I agree doing something well the first time is going to take way longer than doing something meh and then re-iterating,
since knowing more about the subject at hand is hard without actually tackling it in the first place.
These podcasts are great, keep em going!
Joel Spolsky says exactly the opposite on writing from scratch. He describes it as the single worst strategic mistake that any software company can make
s__n_Ghs_w_J_g_r_v_ but this guy is talking about software, right? You don’t rewrite hardware, you re-design it.
That conversation went in a completely different way than I was expecting. I don't think he was wrong, though. Develop them in parallel is pretty good advice.
This was really insightful.
very insightful/ eye-opening! Ben Goertzel would be a great guest!
Question for anyone who can shine a light: When he says people aren't thinking simple enough, what does that mean in the context of his explanation of deeper understanding vs. recipes?
This is profound. On many levels. Thank you.
Congrats on 1 million subscribers. KUTGW.
Good point. You don't need to understand exactly how everything works, just use it.

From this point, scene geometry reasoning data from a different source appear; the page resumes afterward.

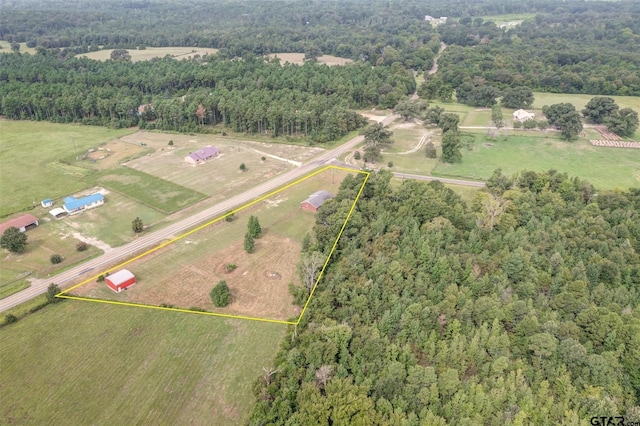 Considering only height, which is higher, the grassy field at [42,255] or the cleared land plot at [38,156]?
the cleared land plot at [38,156]

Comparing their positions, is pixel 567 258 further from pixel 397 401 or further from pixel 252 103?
pixel 252 103

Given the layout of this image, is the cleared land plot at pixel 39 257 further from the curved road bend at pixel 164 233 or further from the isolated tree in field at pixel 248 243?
the isolated tree in field at pixel 248 243

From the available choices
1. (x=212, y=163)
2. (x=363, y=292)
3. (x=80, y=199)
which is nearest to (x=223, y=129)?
(x=212, y=163)

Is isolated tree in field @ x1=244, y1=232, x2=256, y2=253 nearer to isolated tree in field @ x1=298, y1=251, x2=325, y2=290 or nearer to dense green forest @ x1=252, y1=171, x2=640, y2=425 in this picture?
isolated tree in field @ x1=298, y1=251, x2=325, y2=290

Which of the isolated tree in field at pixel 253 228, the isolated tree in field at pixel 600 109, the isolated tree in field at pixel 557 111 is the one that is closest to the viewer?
the isolated tree in field at pixel 253 228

The energy in this conversation! 😂🥱😴
This is significantly wiser than one may think
It helps when you've been alive long enough to see changes happening in drastic ways. A longer life will help with perspective.
Seems the people who would be (generally) the greatest asset to an organization are those who can quickly recognize when it's appropriate to use "the recipe" and when it's best to re-engineer/re-design. Most people I know seldom look beyond the recipe.
RIP Jim Keller. 1958/1959-when ever he's about to croak. Sucks, because this guy's smart as balls
This guy throws an easy 98 across the plate with a really unique command.
Don't fear, I know plenty of people who think simple enough
great clip to share... I shared this exact timestamp already and now they get it cut perfect
These videos are getting me hyped on the podcast
Excellent video, thanks for posting, much appreciated. Love your work Lex : )
00:00:11 Recognize the importance of deep understanding over following a set of recipes.
00:02:51 Think simple when understanding complex concepts like building a computer.
00:04:26 Consider rewriting a project from scratch every three to five years for significant progress.
00:06:20 Understand the trade-off between short-term and long-term success in business and project development.
Basically guys read the book the 5 way of effective thinking .
If you understand the basic what he call the simple enough the atomic block of knowledge of fundamentals that build the recipes then you can reconnect those blocks using the principles that’s build the efficiency of the recipe into another recipe that may be more efficient
You want to know as many simple blocks as possible thoses are the building blocks for your ideas
So to simplify it, understand the why more than the how but still have the knowledge of the how too fully understand the why.
What humans do well is iterations of a situation or problem, usually without all the necessary input. Humans will fill in the blanks with "most likely" and "least likely" possibilities and iterate from there, coming up with a set of potential actions.
This is the best RUclips video I've watched in my life; Period! because these guys: "Gets it"!!!
1:19 I half expected him to say "...omelette sandwich. That's a good idea. I'm hungry."
I love cooking and food analogy’s 🍞
Jesus.... This guy podcasts always make me feel sleepy... I will go to watch J.Rogan.